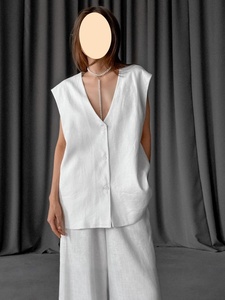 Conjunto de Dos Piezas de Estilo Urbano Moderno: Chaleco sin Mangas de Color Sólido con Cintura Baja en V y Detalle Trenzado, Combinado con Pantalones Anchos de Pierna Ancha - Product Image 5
=-=-=-=-=
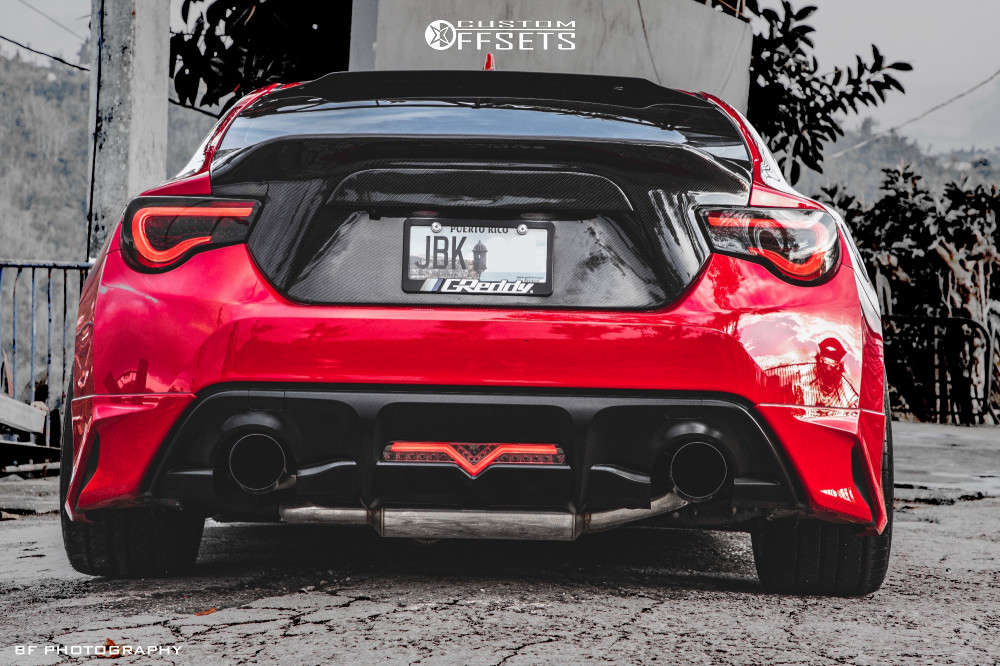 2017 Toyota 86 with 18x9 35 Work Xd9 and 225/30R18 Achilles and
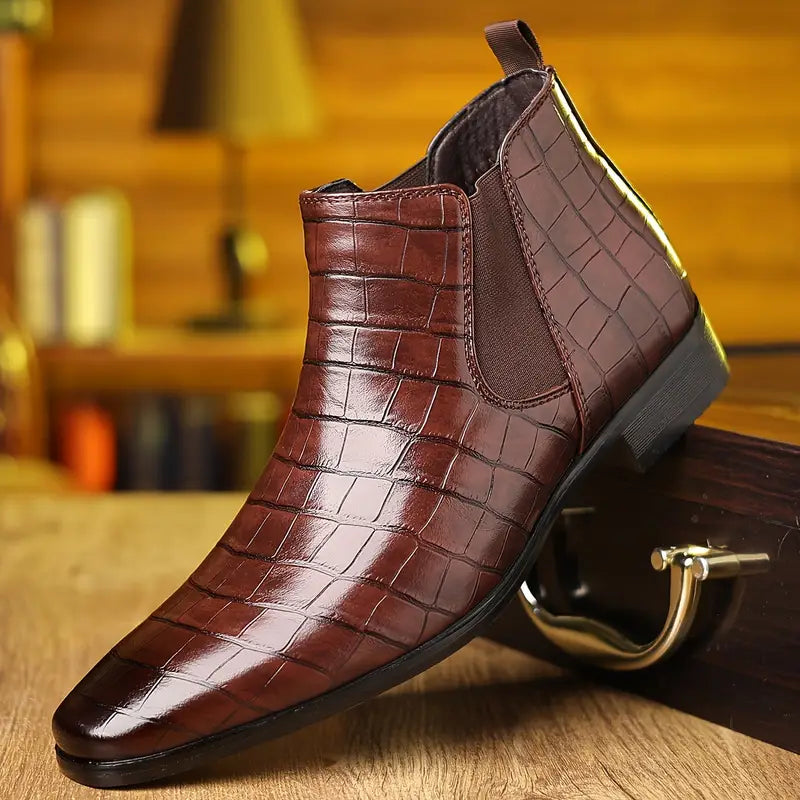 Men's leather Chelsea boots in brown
=-=-=-=-=
:: Exercise description ::
Reproduce the listing above exactly from the line containing "2017 Toyota 86" up to and including the line containing "Men's leather Chelsea boots in brown", omitting any images and everything outside those lines.

:: Result below ::
 2017 Toyota 86 with 18x9 35 Work Xd9 and 225/30R18 Achilles and
 Men's leather Chelsea boots in brown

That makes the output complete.